Currently, Cosmos is an internal-facing Microsoft service only. It's Microsoft's massively parallel storage and computation service that handles data from Azure, Bing, AdCenter, MSN, Skype and Windows Live. According to a recent Microsoft job posting, there are 5,000 developers and "thousands" of users inside Microsoft using Cosmos. Cosmos was built using Microsoft's Dryad distributed-processing technology.
Microsoft has used Cosmos internally to process telemetry data; to perform analysis and reporting on large datasets, such as those created via Bing and Office 365; and to curate and perform back-end processing on many kinds of data. A lot of the data used for these various purposes is shared. Queries on this data can run on anywhere from one to 40,000 machines in parallel.

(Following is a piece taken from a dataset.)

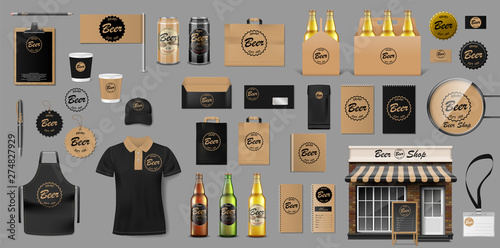 Corporate Branding identity template design for beer shop. Brewery elements for your Beer Pub or Bar. Realistic mockup for your brand. Vector illustration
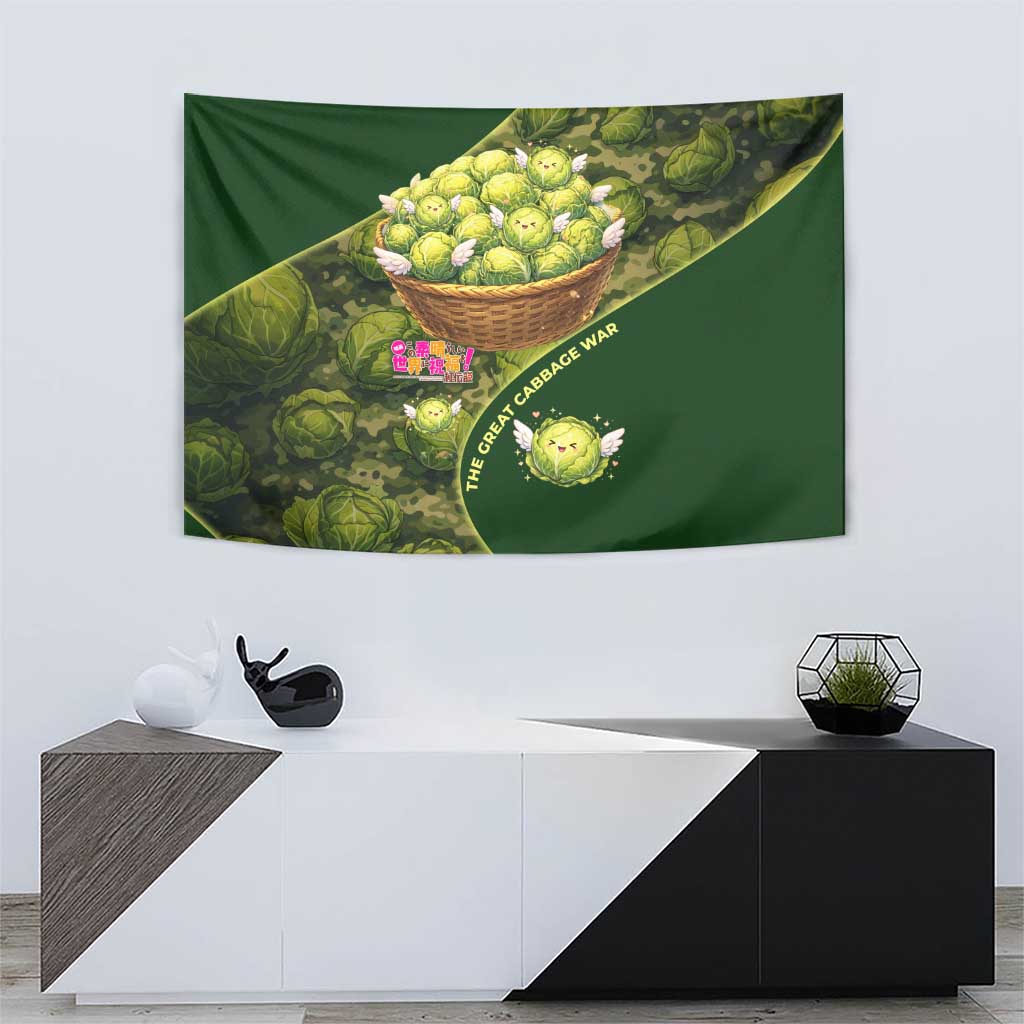 The Great Cabbage War Tapestry Whimsical Fantasy Game Art Style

Microsoft is planning to position the external-facing version of Cosmos as a complement to HDInsight, which is Microsoft's Hadoop-on-Azure service. Users will have a choice of using HDInsight or SQL-IP on the same datasets, sources said.
SQL-IP is a mix of SQL, C# and .NET. It's meant to be extensible and to handle parallel computation. It sounds like there will be a Visual Studio plug-in supporting SQL-IP, from what my sources have said.
SQL-IP is an evolution of Microsoft's SCOPE language, which is more inherently SQL-friendly. I blogged about SCOPE back in 2011, noting it was a parallel querying capability of Cosmos, designed to make it appear to users that their distributed/parallel queries were executing on a single machine.
An interesting aside for those tracking Cosmos' evolution: Microsoft researcher Ed Nightingale noted that starting in 2012, he spent time rearchitecting the Cosmos service "bringing to bear the lessons and principles from the Microsoft Research Flat Datacenter Storage project." Flat Datacenter Storage (FDS) is a "high-performance, fault-tolerant, large-scale, locality-oblivious blob store."
Microsoft is planning to charge customers for what they use, in terms of compute and storage with the coming Cosmos service. Users will be able to execute a query on their data and pay only for the processing they use, sources said.
I don't know when Microsoft is planning to release a public preview of the coming externally-facing Cosmos service or when the company plans to make it generally available. I've asked Microsoft officials if they'd share further details. No word back so far.
Update: A Microsoft spokesperson said the company had no comment.
In a job offering (which is no longer posted on Microsoft's Careers site), company execs called the externally-facing version of Cosmos a product with "multibillion dollar potential."